A Comment About

Ask Dr. Helen: Can a Man Be Raped by a Woman?

June 30, 2008 - 12:06 am - by Helen Smith
gwallan
2008-07-02 01:03:04

anonymous said…
Helen, the way to help the guys win is not to adopt the sorry tactics the left has used supposedly on behalf of women for years. You have to take on that stuff, not weaken men by pretending they are “victims”; hell, everyone’s a victim.

This has nothing to do with the gender war or politics. It’s not about helping anybody “win”. There are NO winners where sexual abuse is concerned. There are many losers however.

I will say this about feminism…

I was a teenager in the seventies. There were marches I participated in that were, to me, an natural offshoot of the civil rights movement that so influenced my earlier political awakenings. Among those crowds were two of three sisters. The third sister was absent. She was also the one who had taken some liberties with myself some years earlier. As we marched we chanted “Equality, equality, …”. I miss those feminists. Maybe it’s a good thing they used a different label.

Lea said…
But it’s not unreasonable to draw a line and call blackmail blackmail and not rape. You could physically remove yourself at this point, an option most women don’t have when faced with a similar situation. I personally would draw the rape line at the point when you are either physically incapable of getting away or you are reasonably threatened with violence if you try to get away. You were in a different situation (at this point, not before) and I don’t think you should take people’s disagreement with you about this part personally, because it’s really more about where the line is. Nobody is saying that the women should have done that, it’s pretty terrible and as a woman, it pisses me off, because then whenever a woman says someone raped her, men think of these crazy women and dismiss it. It hurts all of us!
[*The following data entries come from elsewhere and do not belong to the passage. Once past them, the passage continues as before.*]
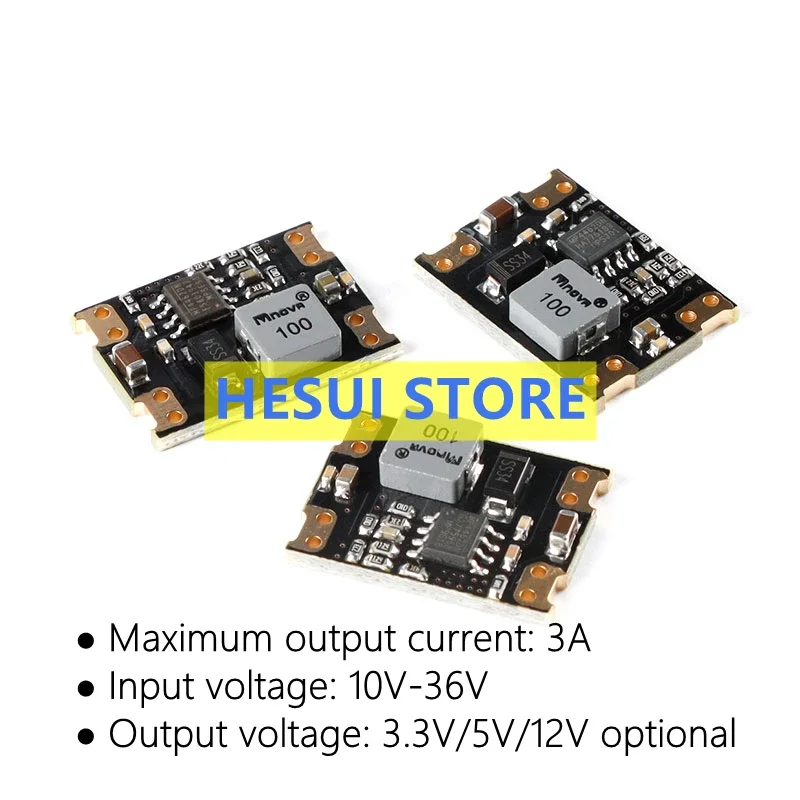 DC-DC Step-Down Pow…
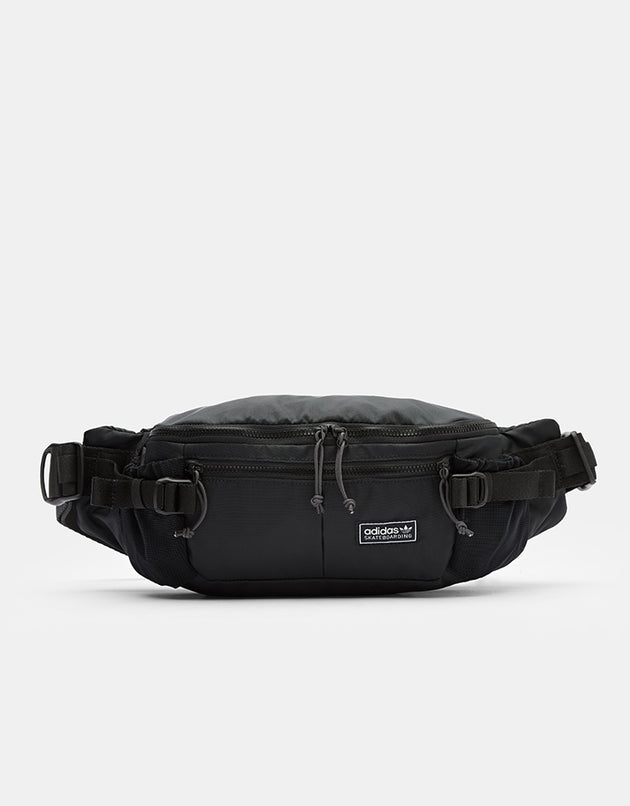 adidas Skateboarding Cross Body Bag - Black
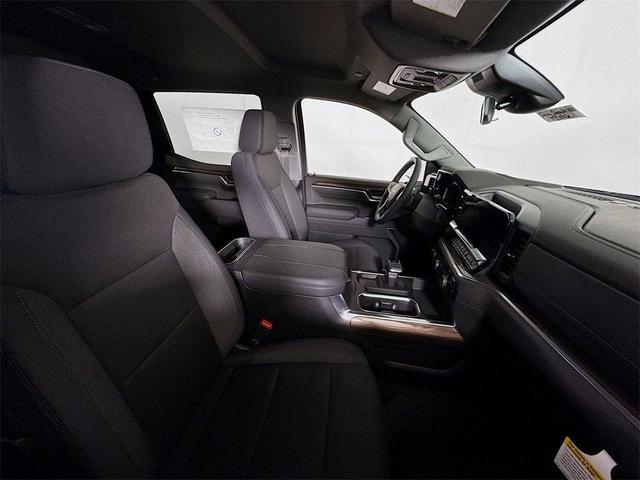 Photo of 2026 Sterling Gray Metallic Chevrolet Silverado 1500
Lea, why is it that we are constantly exhorted to not draw attention to a womans attire if she is raped? I’ll come back to that.

James was a marine at the time of his experience. Six years prior to my own experience in the eighties I represented my country as a javelin thrower. I can’t speak for James but I was stronger and faster than most of the planet’s population at the time. How the hell could any woman, or even most men for that matter, rape me?

Yes, Lea, I could easily have physically removed her. Do you think I haven’t asked myself about this a million times? Why doesn’t a woman fight off her rapist? You don’t ask her this. You simply make assumptions. Besides, that’s too much like “blaming the victim”. Simple truth Lea, I froze. Apart from saying no in several different ways I was a passive agent through the entire thing. The potential consequences of my physically removing her were far worse than my allowing her to get it over and done with as quickly as possible. Consider where you might have heard something like that before.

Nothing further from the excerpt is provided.